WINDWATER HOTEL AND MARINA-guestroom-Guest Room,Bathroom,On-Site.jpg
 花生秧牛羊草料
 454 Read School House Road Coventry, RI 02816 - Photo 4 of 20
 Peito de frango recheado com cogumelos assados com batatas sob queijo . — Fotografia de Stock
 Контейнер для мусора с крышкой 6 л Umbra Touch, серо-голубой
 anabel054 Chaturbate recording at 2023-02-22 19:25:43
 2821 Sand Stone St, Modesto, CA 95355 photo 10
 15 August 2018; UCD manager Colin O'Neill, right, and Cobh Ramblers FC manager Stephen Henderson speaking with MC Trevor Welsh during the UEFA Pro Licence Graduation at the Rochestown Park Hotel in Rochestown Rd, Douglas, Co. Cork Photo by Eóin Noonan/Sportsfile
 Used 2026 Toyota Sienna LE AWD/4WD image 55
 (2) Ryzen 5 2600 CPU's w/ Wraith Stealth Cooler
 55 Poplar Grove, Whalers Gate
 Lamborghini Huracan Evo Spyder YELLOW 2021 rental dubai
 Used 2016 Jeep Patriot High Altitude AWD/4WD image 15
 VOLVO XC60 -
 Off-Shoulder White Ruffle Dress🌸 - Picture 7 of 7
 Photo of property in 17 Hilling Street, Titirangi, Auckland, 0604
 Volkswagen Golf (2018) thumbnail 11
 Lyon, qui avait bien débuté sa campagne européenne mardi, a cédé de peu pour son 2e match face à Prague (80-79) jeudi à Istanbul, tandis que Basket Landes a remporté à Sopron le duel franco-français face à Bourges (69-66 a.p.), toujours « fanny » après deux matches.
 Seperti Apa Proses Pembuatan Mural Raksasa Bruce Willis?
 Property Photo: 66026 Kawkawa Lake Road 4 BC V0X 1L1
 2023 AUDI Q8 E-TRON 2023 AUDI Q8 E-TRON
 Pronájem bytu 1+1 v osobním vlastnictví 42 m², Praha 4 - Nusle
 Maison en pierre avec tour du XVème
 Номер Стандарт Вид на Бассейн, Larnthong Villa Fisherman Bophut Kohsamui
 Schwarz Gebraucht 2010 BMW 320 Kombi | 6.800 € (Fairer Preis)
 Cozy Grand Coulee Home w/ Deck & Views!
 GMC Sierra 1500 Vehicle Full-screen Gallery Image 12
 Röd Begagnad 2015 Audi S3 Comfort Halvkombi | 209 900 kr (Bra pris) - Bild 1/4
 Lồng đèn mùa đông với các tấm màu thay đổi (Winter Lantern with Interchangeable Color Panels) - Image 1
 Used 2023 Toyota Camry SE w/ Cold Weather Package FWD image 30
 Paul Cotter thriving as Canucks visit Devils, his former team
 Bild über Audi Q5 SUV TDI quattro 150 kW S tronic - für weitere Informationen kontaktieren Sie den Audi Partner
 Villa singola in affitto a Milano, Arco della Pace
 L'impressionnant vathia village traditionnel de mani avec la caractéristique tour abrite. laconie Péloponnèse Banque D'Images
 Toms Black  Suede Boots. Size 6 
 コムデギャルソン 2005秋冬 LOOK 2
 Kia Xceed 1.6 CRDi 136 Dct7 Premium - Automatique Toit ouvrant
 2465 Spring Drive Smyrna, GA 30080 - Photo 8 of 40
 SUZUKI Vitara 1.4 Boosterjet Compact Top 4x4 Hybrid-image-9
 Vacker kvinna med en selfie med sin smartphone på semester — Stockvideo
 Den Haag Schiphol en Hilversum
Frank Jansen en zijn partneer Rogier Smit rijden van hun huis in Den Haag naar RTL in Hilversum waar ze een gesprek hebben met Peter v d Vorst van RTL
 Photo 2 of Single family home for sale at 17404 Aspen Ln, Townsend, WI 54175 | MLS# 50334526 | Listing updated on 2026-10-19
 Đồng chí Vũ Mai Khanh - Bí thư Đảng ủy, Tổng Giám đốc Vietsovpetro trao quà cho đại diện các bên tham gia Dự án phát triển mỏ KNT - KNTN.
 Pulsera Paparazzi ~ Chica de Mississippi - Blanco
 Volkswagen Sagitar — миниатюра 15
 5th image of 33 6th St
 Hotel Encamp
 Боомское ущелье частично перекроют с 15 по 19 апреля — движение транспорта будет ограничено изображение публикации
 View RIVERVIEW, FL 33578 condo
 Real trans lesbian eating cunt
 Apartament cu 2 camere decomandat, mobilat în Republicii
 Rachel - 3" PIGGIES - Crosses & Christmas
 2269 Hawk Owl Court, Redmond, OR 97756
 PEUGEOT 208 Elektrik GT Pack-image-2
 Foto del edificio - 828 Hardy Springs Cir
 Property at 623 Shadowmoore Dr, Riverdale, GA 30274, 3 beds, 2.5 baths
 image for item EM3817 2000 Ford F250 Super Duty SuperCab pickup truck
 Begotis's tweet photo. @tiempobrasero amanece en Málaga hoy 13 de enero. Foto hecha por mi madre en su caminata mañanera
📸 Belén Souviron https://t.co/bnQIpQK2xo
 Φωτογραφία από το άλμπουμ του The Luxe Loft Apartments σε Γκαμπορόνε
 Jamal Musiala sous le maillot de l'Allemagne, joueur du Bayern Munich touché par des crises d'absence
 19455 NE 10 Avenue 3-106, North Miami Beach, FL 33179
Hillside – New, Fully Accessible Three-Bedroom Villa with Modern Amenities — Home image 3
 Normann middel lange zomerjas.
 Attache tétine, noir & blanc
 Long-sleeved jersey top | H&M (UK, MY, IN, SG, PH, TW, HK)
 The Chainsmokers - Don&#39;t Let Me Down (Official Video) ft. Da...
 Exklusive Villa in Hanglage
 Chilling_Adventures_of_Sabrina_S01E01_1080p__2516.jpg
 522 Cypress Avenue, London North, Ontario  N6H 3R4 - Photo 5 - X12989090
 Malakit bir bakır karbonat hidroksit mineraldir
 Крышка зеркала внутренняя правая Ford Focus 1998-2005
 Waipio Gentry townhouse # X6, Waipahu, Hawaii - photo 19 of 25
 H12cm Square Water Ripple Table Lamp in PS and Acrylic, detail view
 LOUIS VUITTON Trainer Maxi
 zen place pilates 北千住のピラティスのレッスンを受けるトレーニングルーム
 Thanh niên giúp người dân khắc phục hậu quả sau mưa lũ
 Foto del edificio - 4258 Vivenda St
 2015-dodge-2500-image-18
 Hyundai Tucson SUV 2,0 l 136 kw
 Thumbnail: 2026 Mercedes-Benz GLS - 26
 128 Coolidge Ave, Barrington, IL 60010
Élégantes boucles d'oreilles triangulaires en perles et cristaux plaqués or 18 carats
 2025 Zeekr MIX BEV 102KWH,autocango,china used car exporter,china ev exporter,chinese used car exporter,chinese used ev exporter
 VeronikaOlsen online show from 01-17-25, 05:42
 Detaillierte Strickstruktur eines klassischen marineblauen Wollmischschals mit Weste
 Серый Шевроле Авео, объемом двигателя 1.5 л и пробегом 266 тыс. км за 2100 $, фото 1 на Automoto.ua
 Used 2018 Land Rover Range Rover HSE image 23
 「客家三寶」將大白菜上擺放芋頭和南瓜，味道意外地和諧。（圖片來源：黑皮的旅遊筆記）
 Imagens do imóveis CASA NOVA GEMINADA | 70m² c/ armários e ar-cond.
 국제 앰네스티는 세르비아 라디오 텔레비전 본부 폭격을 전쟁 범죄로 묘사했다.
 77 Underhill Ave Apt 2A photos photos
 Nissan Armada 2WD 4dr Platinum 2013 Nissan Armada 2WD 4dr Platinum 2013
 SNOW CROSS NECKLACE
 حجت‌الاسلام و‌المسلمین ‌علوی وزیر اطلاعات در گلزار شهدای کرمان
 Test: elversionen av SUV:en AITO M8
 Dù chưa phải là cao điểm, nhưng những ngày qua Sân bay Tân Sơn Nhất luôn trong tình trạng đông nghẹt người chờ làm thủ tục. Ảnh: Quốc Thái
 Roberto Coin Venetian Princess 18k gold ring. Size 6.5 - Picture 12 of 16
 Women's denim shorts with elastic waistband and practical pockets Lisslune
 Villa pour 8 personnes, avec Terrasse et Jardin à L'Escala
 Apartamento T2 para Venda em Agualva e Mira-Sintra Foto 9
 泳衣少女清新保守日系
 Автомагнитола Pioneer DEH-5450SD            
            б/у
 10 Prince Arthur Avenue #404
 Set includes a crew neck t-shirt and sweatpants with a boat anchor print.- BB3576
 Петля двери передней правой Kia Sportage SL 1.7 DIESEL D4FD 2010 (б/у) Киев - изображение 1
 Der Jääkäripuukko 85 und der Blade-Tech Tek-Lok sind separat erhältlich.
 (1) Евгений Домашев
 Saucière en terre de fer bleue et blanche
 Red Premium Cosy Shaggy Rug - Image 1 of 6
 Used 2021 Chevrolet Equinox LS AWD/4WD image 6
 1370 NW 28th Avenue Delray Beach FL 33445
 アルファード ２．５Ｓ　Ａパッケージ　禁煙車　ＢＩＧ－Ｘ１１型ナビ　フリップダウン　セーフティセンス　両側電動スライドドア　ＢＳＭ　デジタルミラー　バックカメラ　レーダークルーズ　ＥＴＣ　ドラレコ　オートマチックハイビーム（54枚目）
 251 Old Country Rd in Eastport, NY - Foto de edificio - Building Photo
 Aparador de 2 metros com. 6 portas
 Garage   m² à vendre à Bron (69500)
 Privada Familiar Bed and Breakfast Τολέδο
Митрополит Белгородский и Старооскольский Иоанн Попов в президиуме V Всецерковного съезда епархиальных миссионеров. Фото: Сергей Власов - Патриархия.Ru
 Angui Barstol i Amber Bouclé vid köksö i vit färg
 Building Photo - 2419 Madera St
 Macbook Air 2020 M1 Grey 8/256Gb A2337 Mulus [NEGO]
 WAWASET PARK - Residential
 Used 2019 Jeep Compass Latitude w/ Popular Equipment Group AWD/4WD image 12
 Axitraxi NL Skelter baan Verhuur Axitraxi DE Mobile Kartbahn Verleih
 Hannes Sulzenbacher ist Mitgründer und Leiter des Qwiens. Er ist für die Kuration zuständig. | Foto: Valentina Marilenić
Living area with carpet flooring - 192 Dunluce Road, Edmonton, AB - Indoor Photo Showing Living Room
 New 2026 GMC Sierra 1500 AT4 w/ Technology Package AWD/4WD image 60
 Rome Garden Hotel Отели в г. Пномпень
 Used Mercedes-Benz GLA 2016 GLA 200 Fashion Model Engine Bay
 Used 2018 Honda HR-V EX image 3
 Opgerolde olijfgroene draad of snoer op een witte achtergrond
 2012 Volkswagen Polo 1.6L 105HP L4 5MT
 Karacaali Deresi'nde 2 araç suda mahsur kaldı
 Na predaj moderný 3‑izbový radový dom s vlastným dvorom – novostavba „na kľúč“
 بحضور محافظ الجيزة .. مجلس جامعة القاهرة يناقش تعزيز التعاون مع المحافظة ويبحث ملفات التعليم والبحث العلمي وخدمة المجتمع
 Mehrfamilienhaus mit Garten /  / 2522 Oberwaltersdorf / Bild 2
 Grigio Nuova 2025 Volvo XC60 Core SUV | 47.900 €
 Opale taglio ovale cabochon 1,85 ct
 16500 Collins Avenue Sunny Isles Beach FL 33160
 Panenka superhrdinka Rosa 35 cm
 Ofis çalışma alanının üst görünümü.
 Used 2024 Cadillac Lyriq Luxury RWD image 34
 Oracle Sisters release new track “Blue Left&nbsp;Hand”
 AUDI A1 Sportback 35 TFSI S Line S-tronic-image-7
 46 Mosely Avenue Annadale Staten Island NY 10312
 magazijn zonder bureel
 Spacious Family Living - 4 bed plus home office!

* * * * * * * * *

Directions for this task → Looking at the entries above, can you reproduce exactly the lines from the one that holds "Used 2016 Jeep" through the one that holds "Pronájem bytu 1+1", and only those?

Written reply →
 Used 2016 Jeep Patriot High Altitude AWD/4WD image 15
 VOLVO XC60 -
 Off-Shoulder White Ruffle Dress🌸 - Picture 7 of 7
 Photo of property in 17 Hilling Street, Titirangi, Auckland, 0604
 Volkswagen Golf (2018) thumbnail 11
 Lyon, qui avait bien débuté sa campagne européenne mardi, a cédé de peu pour son 2e match face à Prague (80-79) jeudi à Istanbul, tandis que Basket Landes a remporté à Sopron le duel franco-français face à Bourges (69-66 a.p.), toujours « fanny » après deux matches.
 Seperti Apa Proses Pembuatan Mural Raksasa Bruce Willis?
 Property Photo: 66026 Kawkawa Lake Road 4 BC V0X 1L1
 2023 AUDI Q8 E-TRON 2023 AUDI Q8 E-TRON
 Pronájem bytu 1+1 v osobním vlastnictví 42 m², Praha 4 - Nusle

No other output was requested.